**WHAT TO DO**
Starting with the line below that holds "The pumpkins have" and stopping after the line that holds "We're going to do", transcribe the lines exactly, leaving out all pictures.

**GIVEN DATA**

----

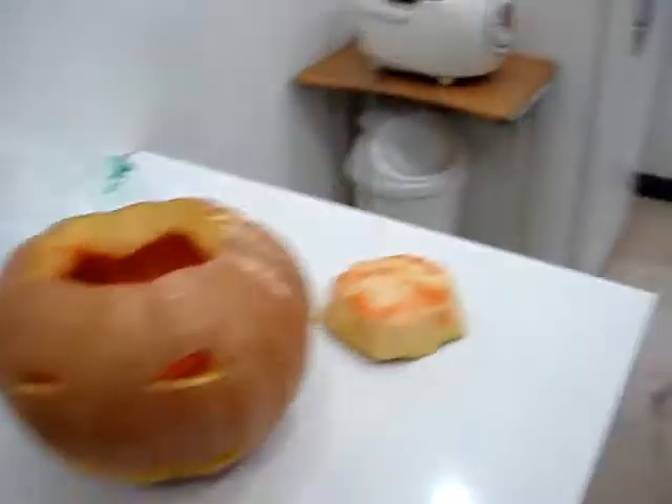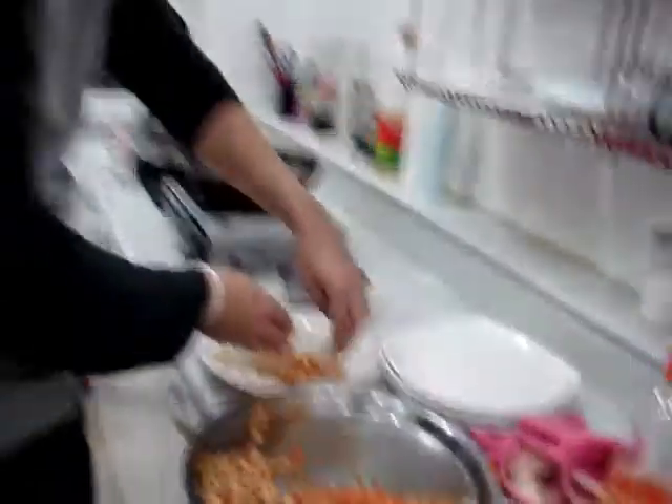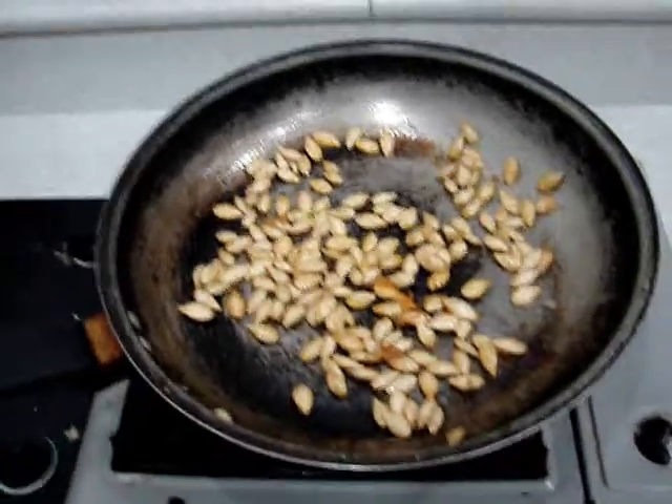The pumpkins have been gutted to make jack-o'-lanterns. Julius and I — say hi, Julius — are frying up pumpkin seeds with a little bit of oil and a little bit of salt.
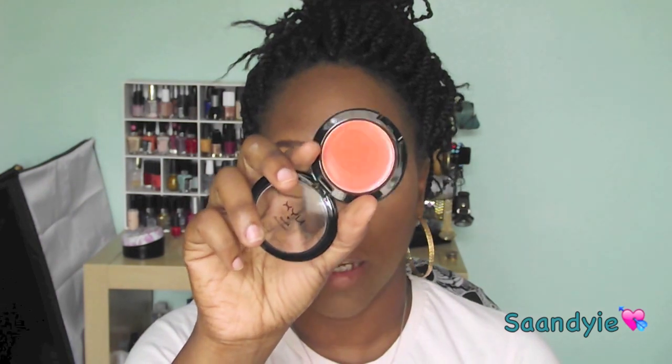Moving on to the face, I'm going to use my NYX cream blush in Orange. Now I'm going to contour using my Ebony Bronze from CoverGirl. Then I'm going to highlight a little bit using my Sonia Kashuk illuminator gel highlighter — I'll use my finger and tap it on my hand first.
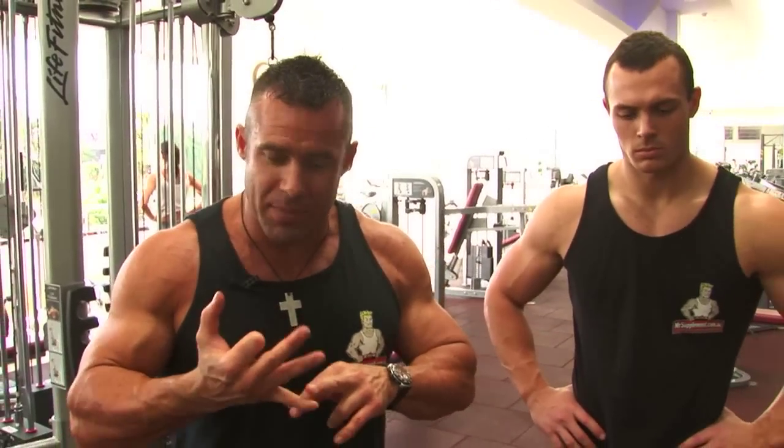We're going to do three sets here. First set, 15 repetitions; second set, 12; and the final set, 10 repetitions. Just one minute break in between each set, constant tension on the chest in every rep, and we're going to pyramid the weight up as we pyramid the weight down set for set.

----

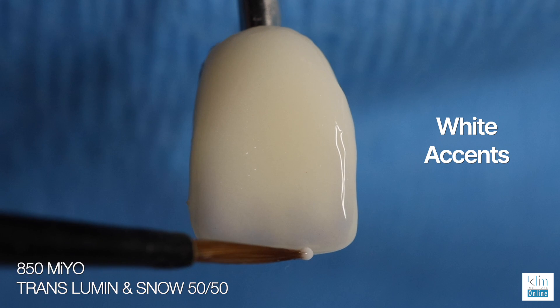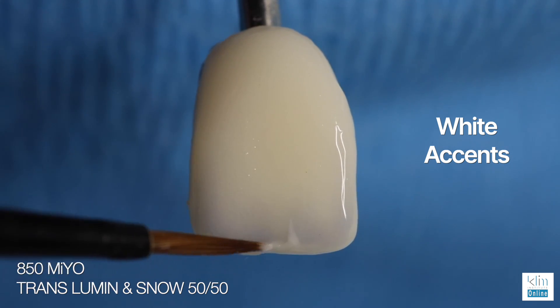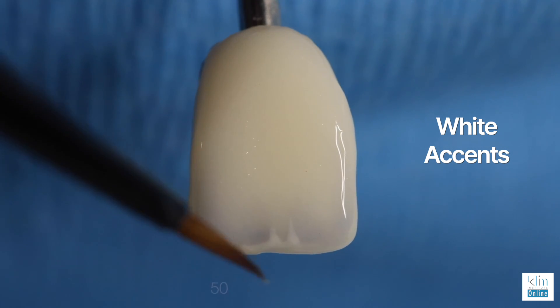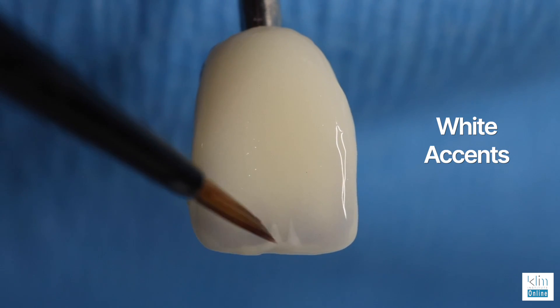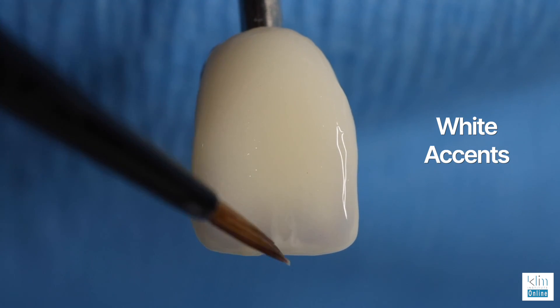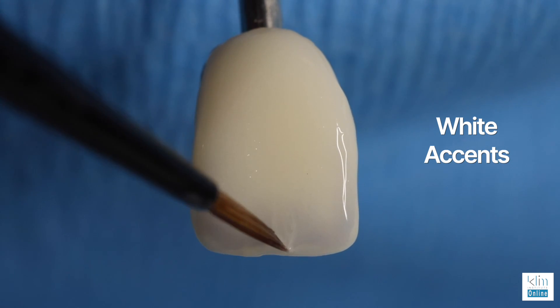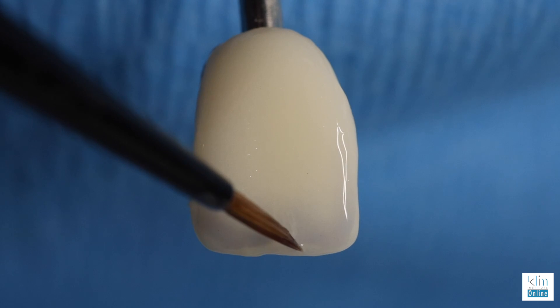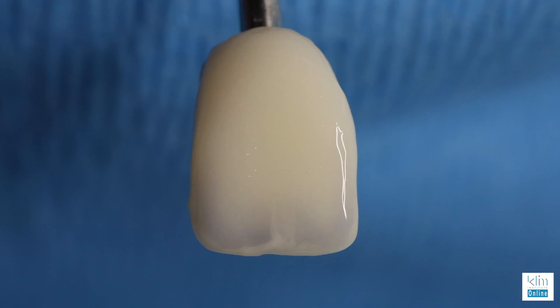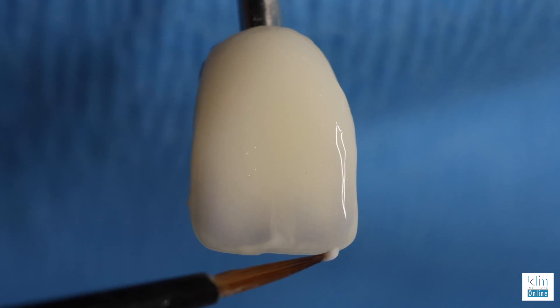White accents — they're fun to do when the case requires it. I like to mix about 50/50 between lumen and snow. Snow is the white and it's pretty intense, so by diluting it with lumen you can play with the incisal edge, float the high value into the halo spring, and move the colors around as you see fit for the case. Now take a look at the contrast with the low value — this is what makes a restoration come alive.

----

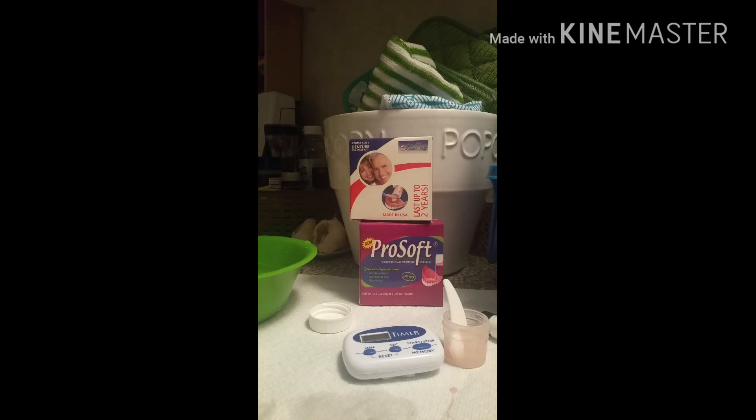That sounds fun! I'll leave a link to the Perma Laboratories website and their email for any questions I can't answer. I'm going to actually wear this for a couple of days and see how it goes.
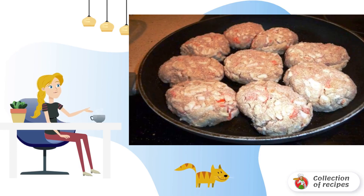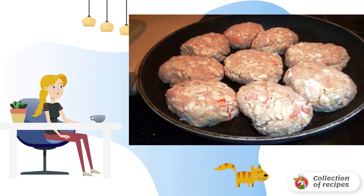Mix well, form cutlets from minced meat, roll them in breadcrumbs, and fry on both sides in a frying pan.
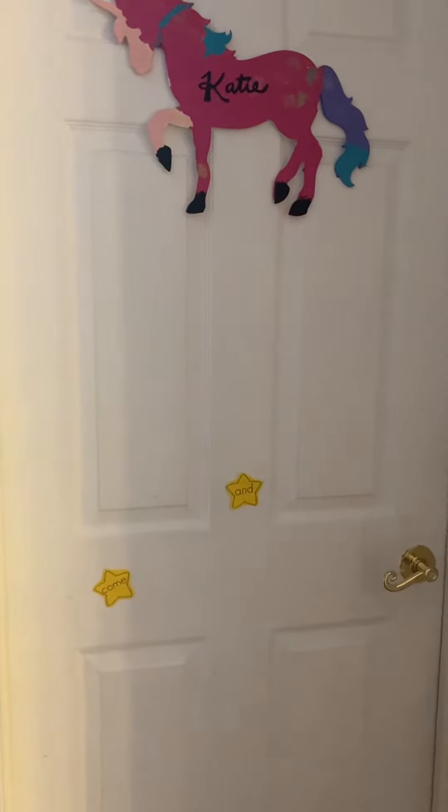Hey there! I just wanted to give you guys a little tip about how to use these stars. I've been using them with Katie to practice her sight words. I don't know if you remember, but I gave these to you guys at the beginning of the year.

----

**REPLY TO THE TASK**
The pumpkins have been gutted to make jack-o'-lanterns. Julius and I — say hi, Julius — are frying up pumpkin seeds with a little bit of oil and a little bit of salt.
Moving on to the face, I'm going to use my NYX cream blush in Orange. Now I'm going to contour using my Ebony Bronze from CoverGirl. Then I'm going to highlight a little bit using my Sonia Kashuk illuminator gel highlighter — I'll use my finger and tap it on my hand first.
We're going to do three sets here. First set, 15 repetitions; second set, 12; and the final set, 10 repetitions. Just one minute break in between each set, constant tension on the chest in every rep, and we're going to pyramid the weight up as we pyramid the weight down set for set.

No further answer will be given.